The whole incident, poor recently-repatriated-girl (me), made me wonder how this is possible, for a boy born and, therefore, raised, a mere 8 years (and 9 days) after myself. But, you see, once I thought about it a bit harder (>_<), I decided that it's an OK way to go about it, these days. Back in "my day", there wasn't "a personal computer on (pretty much) every desk and in (pretty much) every home", and you had to know about computers in order to own one. At least the basics. And you had to have a few pals that "knew more than you" if you wanted to get along knowing "the basics". Today, in the glorious year 2008 ("the future", as some grew up viewing it), one really doesn't need to know much to own a computer and work on it. My brother has an ECDL diploma, which pretty much goes to say that he's able to do what the John Hodgman PC does in those Mac-Vs-PC ads, namely use spreadsheets and the works. C' est à dire, all is well for my p'tit frère.
And this all made me think of all the other things that I had as constants, as ideologies which I took for granted, but have actually changed as time went by. Things like my stance in the aforementioned Mac Vs PC debate, which all went haywire once it had been established that, with Intel inside, you could have both the Mac OSX and the Windows of your choice (call me XP, 'till the new win come out at least) to do stuff which you can only do there (i.e. to play games, pretty much). I mean, just name another reason why you won't go Mac now, other than "the X being on the wrong side" (read: the forces of habit).
Or, again, being a person who was once a gamer, I grew up believing that you'd be stupid to get a laptop as your "main computer", since it would call for a "no upgrades, just buying a new PC" policy. But no, that was pretty much true before the glorious days of USB. Now, you're able to connect pretty much anything that matters - from a monitor, to a HDD, to a graphics card - on your lappie via USB, if you so want. Plus, the thing you might need an upgrade of while the warantee is valid is your memory, and most laptops come with a memory upgrade capability (that is to say, most mobos used in laptops can take extra memory modules). You just need to take it back to the shop where you bought them, if youwant to waste that space in your brain for "other, more useful things". Which is, as I tried to express, fair enough.
It's just that I feel so old.
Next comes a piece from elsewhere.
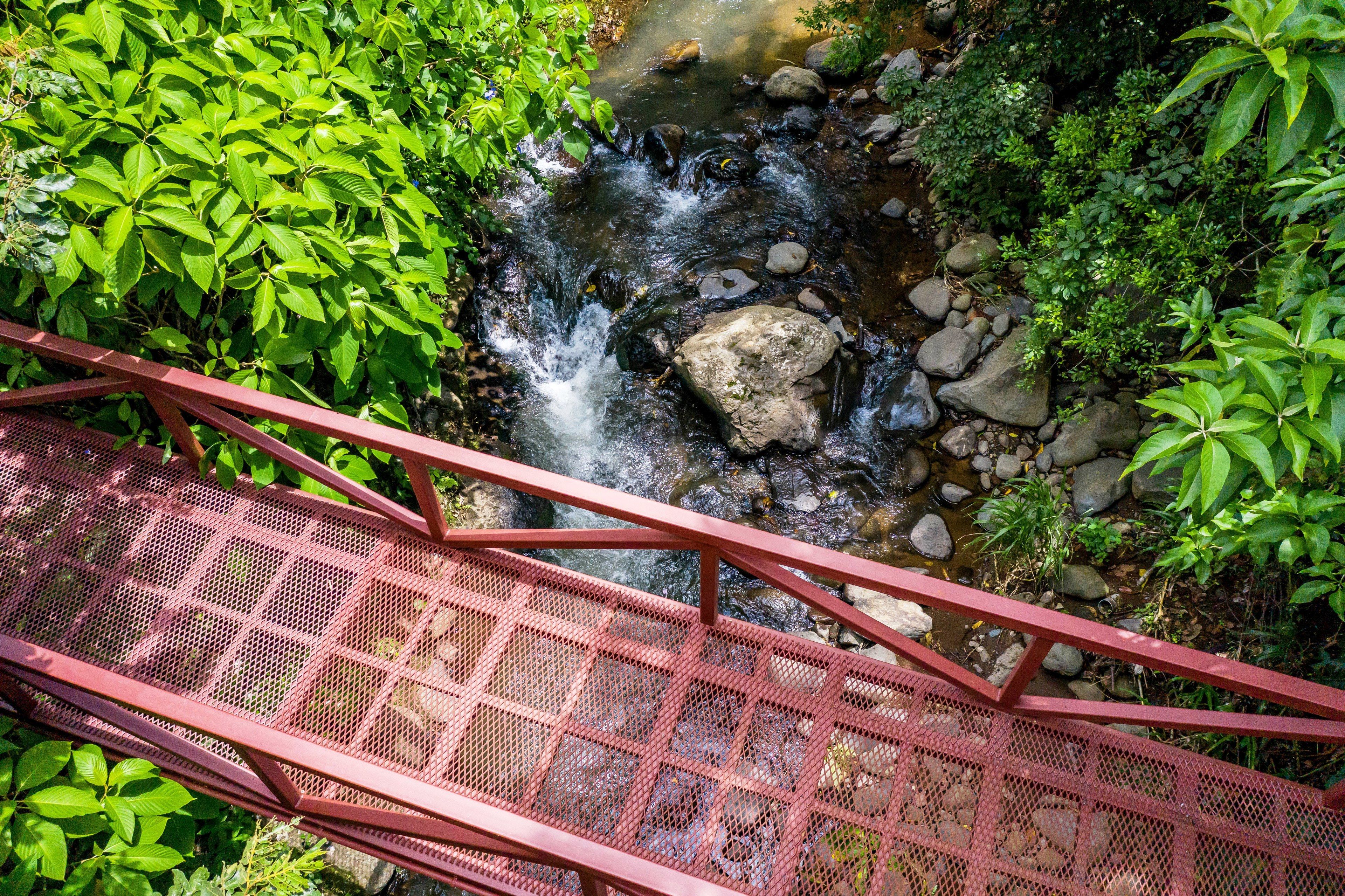 A red metal bridge over a stream with rocks and greenery on either side.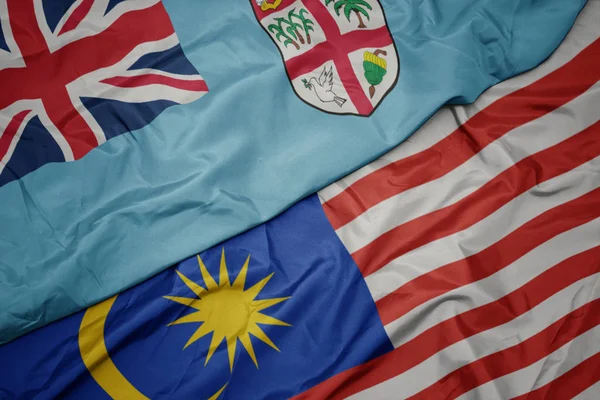 Размахивая красочным флагом Малайзии и национальным флагом Фиджи  . — стоковое фото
And, not having followed the "specialist" path in my life, I also feel that I've wasted a good portion of my brain, and of the time in my life. I mean, come on, what's a geek girl to do, when I no longer even wear my geek-tag? And what am I to tell my nieces and nephews, once I get myself some, if their own father doesn't know, and doesn't even want to know or need to know, about this crap?
Still, all this makes me think of the "younger generation" thoughts that I used to have "back in the day". You see, I was convinced that the "new generation" would evolve being able to know all that it needs to know, about science, computers, or even just plain day-to-day logical thinking, but wouldn't need to care much about anything. And, yes, I now find myself in the melting pot of all this knowledge-of-today, feeling that I'm trying to remain afloat in the sea of knowledge, while wearing my semi-literacy armbands, smattering along with a stupid smile of ignorance re. most important things, while the "new generation" just swims idly by me and floats happily like there's no tomorrow.
I know there are much more stupid people out there. Heck, Than is convinced - and is currently researching the matter, and confirming his beliefs, making me wonder what sort of people he now hangs out with - that most youngsters don't even know what stars are, astronomically - you know, the kind we see in the sky... I'm certain that I'm not "too stupid to be alive", then, sure. But I'm not one of the most knowledgeable people, like I thought I was as a kid, either. Nuh-oh. Which only makes the then-me right, even if it makes the now-me bitter-as-coffee.
"One day", you see, the new generation should be able to look through my huge Google Reader list of the past 5 days' worth of RSS crap (1000+ posts, as it says), and decide in an instant what's important and what to ignore. And, when people in Wired magazine, I think it was (unless it was New Scientist, or something else populist-scientific like all the other magazines I now read), wine that people should start learning more of the basics in primary school, gaining a way of thought which is necessary for a scientifically literate society, I'm kinda optimistic where the new generation is concerned. In the long run, at least. But I can't stop looking at myself with one eyebrow raised now (if only I could raise just one eyebrow) for my current state of un-intelligence. Meh.